I used to be a girl who woke up early to do her hair and makeup. I used to love applying bright colors to my lips and trying new colors to my eyelids. I loved trying new hairstyles and just not being a slob.
Until this year.
This year it was a struggle to get out of bed most days, let alone a struggle to even consider doing my hair and makeup. The mere thought of doing my hair was physically painful, and there were even some days I spent crying over the loss of the woman I used to be. It just had become so physically painful and so physically hard to take care of myself most days.
My husband was the one that started the idea of pamper and polish. He gifted me a few gel manicures for my birthday, knowing how long they last and their quality. He took me to the salon, driving me there in the rain and even waiting in the car while the appointment went over the time. It was a gesture that did something big – even on the days that I felt truly awful, I had something that made me feel that little bit more pulled together. And that would turn into a domino effect for me. If I noticed my nails after a shower, I would spend an extra moment brushing my hair, or painting my toes, or even applying coconut lotion. And feeling that little bit pampered helped me feel a little bit better emotionally, even if physically I felt totally awful.
- Self Forgiveness. This one is one of the hardest ones for me to do. It’s a daily practice and an all day practice at that. I have to forgive myself for being ill.
I tend to beat myself up a lot emotionally for being sick. Deep down, I do understand that I have had zero control over my ailments. It is not like I chose the paths that led to my sicknesses, but still, I act as if I had a part to play. And when I am down for the count, I play the shame game, thinking of all the things I should be doing with my time instead of spending it in bed resting and taking care of myself. It is a constant mind game that is being played and I am consistently struggling with it.
That is why this one is the most important one for me. I have had to recognize, try and try again to forgive myself for being ill. I have to forgive myself for being bipolar. I have to forgive myself for not being able to be the woman I want to be. I have to forgive myself for not being the mom or the wife or the employee I want to be. And I have to do it all day long. But it is SO important because once you do it, that weight that releases off of your shoulders, even if its only for a moment is so healing.
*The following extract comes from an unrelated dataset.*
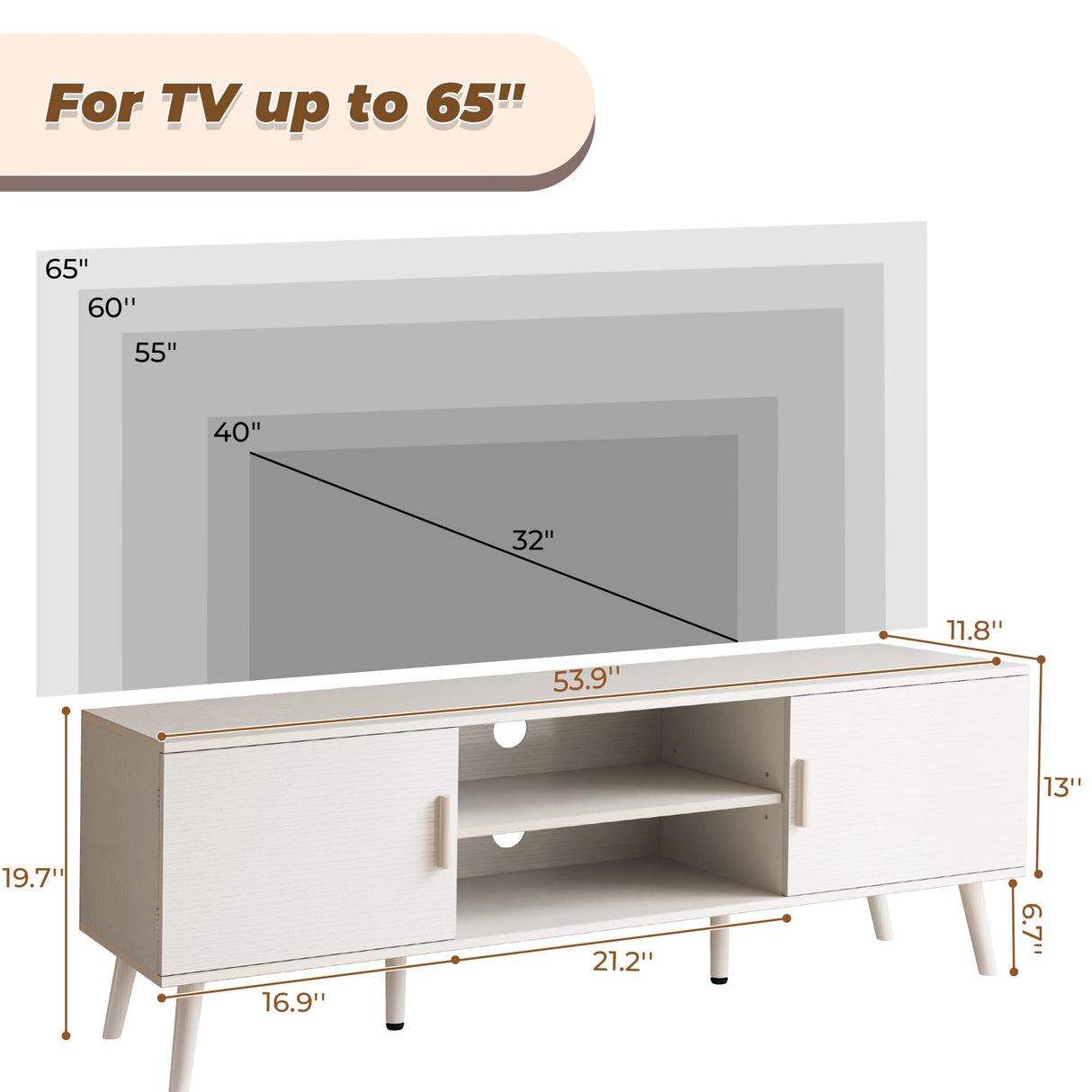 SUPERJARE TV Stand for 55 Inch TV, Entertainment Center with Adjustable Shelf, 2 Cabinets, TV Console Table, Media Console, Solid Wood Feet, Cord Holes, for Living Room, Bedroom, White SUPERJARE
As I stated before, mental health is always evolving, and this is just a few of the ways that I have had to evolve my mental health rituals and routines over the last few months to fit my health needs. In order to physically and emotionally survive you’ll need to evolve your own tactics and your own routines as you grow, change and as your life changes around you. As silly and ‘light and fluffy’ as these seem, they made a massive difference. In a few months they will likely change.